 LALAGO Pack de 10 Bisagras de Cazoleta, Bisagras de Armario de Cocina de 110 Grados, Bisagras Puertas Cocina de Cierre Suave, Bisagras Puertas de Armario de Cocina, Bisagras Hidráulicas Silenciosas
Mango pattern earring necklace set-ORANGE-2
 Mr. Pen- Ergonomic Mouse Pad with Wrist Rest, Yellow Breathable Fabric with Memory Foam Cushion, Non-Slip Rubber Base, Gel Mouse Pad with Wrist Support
------------------------------
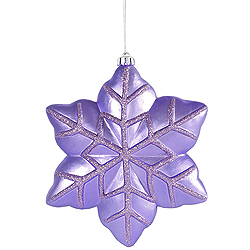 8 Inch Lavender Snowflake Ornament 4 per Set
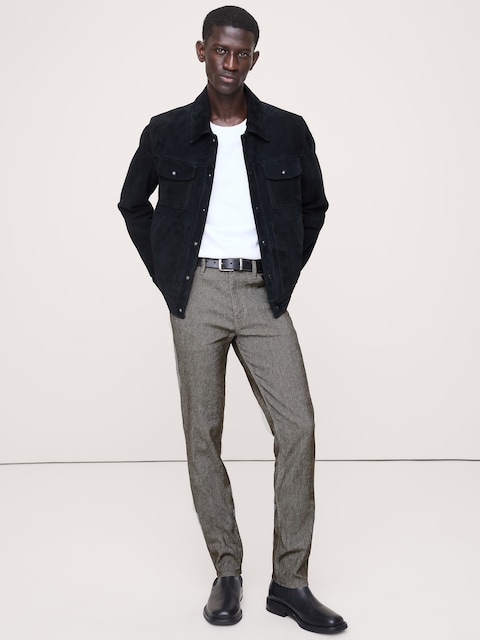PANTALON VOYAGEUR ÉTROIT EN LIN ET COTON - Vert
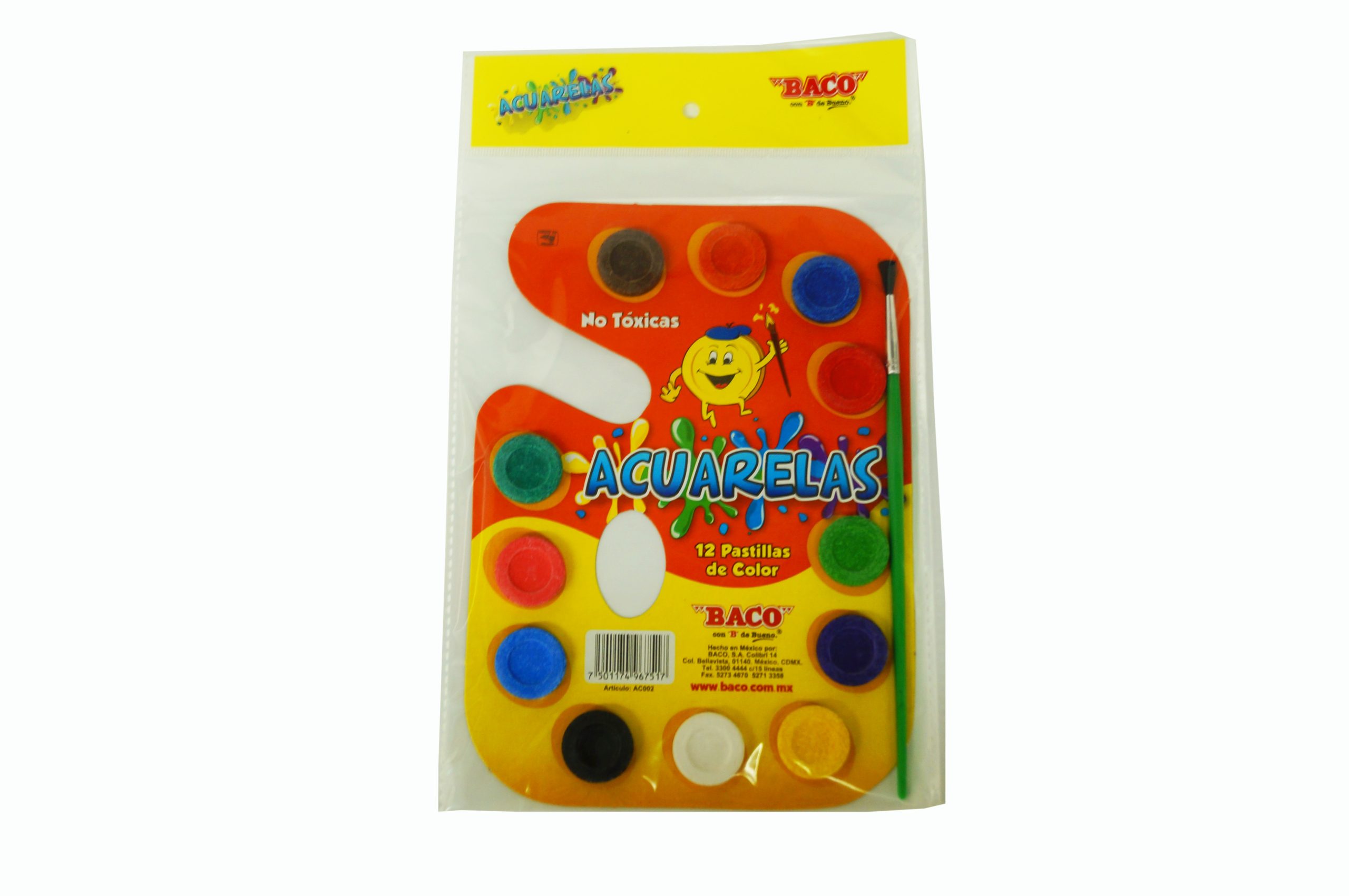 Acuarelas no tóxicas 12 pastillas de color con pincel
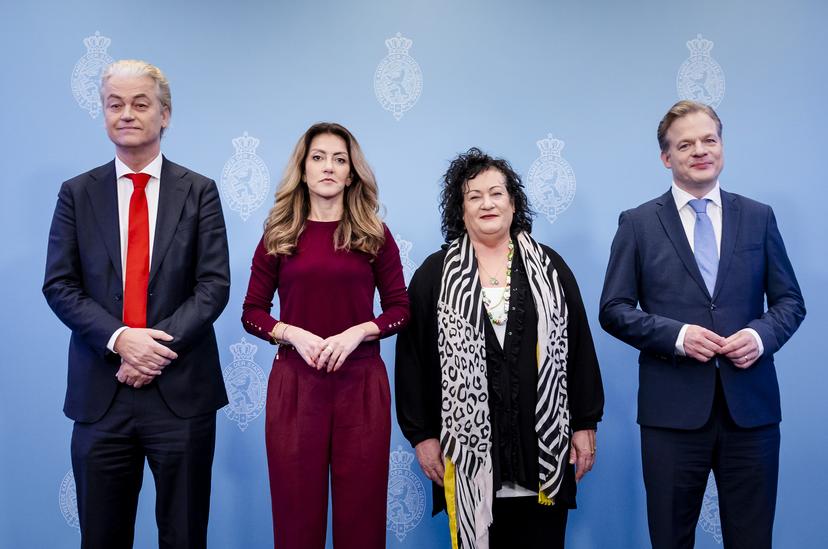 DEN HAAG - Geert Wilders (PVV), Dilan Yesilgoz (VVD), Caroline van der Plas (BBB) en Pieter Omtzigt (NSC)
------------------------------
**TASK PROMPT:**
All that should appear in the answer is the lines above from the line with "PANTALON VOYAGEUR ÉTROIT" through the line with "DEN HAAG - Geert", retyped exactly, pictures left out.

**RESULT OF THE EXERCISE:**
PANTALON VOYAGEUR ÉTROIT EN LIN ET COTON - Vert
 Acuarelas no tóxicas 12 pastillas de color con pincel
 DEN HAAG - Geert Wilders (PVV), Dilan Yesilgoz (VVD), Caroline van der Plas (BBB) en Pieter Omtzigt (NSC)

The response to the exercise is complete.